Concerns re: Motion 506

Drew, please vote NO to Motion 506.

This bill may have a very detrimental effect on our local hospital.  Promoting increased access to abortion includes all forms, including surgical.  While it may be argued that abortion is legal and therefore must be available everywhere, in smaller centers such as ours it creates critical personnel issues.

For over 40 years Medicine Hat has NOT performed surgical abortions.  This is not because we are not a large enough center but reflects in large part the values of our caregivers.  There has always been, and continues to be a medical and moral opposition on the part of the medical and nursing staff, to participate in abortion.  Attempts have been made in the past to establish such a service here, but they continue to fail because of the personal or ethical values of the staff. There is a real fear among the staff that the Government will start mandating abortion services in centers like Medicine Hat because of our size and geographic isolation.

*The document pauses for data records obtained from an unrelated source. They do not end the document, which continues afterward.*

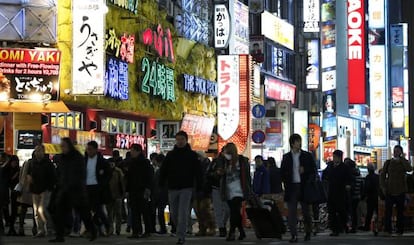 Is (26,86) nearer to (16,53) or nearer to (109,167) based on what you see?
(16,53)

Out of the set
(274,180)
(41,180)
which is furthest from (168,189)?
(274,180)

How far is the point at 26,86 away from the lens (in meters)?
28.3

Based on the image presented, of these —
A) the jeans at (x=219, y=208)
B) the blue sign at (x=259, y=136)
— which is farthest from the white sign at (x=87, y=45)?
the jeans at (x=219, y=208)

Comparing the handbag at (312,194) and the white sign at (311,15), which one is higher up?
the white sign at (311,15)

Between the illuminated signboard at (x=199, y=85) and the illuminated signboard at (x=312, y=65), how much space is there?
15.2 m

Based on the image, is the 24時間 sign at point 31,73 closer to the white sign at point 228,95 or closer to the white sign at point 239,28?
the white sign at point 228,95

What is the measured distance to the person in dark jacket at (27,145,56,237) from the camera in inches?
725

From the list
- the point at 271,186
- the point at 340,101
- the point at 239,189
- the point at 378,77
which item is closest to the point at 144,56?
the point at 271,186

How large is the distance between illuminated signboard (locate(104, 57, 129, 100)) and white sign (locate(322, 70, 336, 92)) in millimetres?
29464

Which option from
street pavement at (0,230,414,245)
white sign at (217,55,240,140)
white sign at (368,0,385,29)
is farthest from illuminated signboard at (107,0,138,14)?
white sign at (368,0,385,29)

If mandated, administration will need to find a way to coerce staff into participating; something most are adamantly opposed to doing.  The usual argument is that only staff comfortable with such procedures would be asked to participate, but that quickly deteriorates.  It is logistically impossible to staff an OR with such overlapping demands. Those who oppose such procedures know that they will eventually have difficulty keeping their position if they are not available for every kind of case.  They may just lose hours and shifts by declining such involvement, but they risk losing their position completely. 

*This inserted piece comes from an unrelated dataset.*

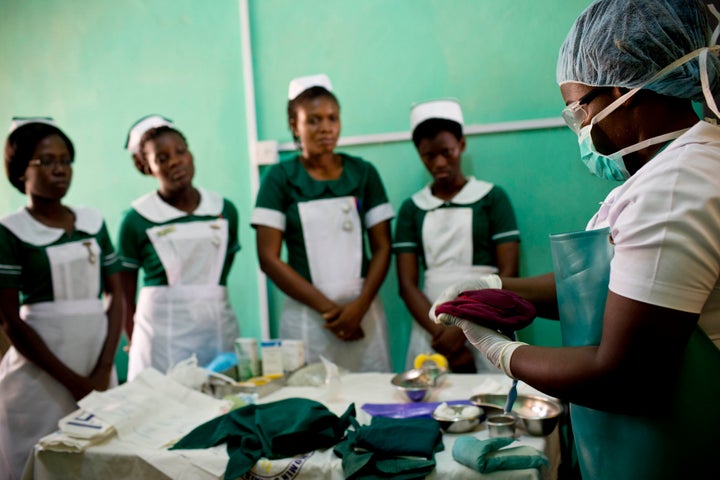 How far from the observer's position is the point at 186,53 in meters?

Over time there is an even more indolent process that surfaces. It is easier for administration to hire only those who philosophically agree with such procedures, thus eliminating scheduling problems.  This effectively denies Operating Room positions to other good and qualified staff that happen to be morally opposed to abortion.  Such processes of course are discriminatory, but easier to administer.

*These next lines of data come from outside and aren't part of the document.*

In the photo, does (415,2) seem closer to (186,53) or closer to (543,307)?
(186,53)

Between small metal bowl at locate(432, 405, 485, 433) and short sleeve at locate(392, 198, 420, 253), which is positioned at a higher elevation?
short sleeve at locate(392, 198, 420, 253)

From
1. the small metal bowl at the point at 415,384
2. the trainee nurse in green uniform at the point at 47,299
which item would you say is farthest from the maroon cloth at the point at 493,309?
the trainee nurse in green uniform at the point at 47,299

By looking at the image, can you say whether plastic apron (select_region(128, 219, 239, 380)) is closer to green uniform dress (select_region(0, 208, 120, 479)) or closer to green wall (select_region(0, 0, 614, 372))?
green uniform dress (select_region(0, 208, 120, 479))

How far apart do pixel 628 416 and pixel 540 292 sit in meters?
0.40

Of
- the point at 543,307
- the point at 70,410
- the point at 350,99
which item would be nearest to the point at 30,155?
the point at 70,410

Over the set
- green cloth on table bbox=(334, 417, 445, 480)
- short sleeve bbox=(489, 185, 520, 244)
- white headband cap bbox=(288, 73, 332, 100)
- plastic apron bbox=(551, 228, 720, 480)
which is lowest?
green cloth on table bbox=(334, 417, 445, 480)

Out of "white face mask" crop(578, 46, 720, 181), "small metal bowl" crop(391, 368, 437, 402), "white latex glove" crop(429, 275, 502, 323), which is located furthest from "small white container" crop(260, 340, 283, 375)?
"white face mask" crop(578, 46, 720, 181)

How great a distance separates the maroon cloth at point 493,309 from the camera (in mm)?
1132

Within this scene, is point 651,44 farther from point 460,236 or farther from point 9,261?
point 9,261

My other concern is more general, from the community perspective.  Abortion is a much more personal and intimidating choice for most pregnant women than just taking a pill!  We need much more support for anyone considering terminating a pregnancy. From my experience in community obstetric practice, I don't believe that women are adequately prepared or counselled regarding the long term physical and emotional aspects of abortion.  Proponents of easy abortion would have us believe it is a minor inconvenience that is quickly forgotten.  Women who have faced such a decision are often surprised at how deeply they are affected even long after the procedure is done.  Before we look at making this easier, we need to look at how we can better support women in such a position.

Thank you for the great work you do.  I hope this letter helps inform your position to vote NO to Motion 506.